— Data records —
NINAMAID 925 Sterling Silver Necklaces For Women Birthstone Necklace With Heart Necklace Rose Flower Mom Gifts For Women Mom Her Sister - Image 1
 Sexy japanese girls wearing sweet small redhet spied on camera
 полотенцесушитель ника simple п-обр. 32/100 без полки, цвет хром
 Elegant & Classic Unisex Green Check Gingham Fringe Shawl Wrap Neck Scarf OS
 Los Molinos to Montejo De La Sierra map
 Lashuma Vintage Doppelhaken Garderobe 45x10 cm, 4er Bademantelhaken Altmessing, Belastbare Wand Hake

— Activity —
Please transcribe the lines from the one containing "Elegant & Classic" through the last line of the records. Include both ends and nothing else.

— Exercise result —
 Elegant & Classic Unisex Green Check Gingham Fringe Shawl Wrap Neck Scarf OS
 Los Molinos to Montejo De La Sierra map
 Lashuma Vintage Doppelhaken Garderobe 45x10 cm, 4er Bademantelhaken Altmessing, Belastbare Wand Hake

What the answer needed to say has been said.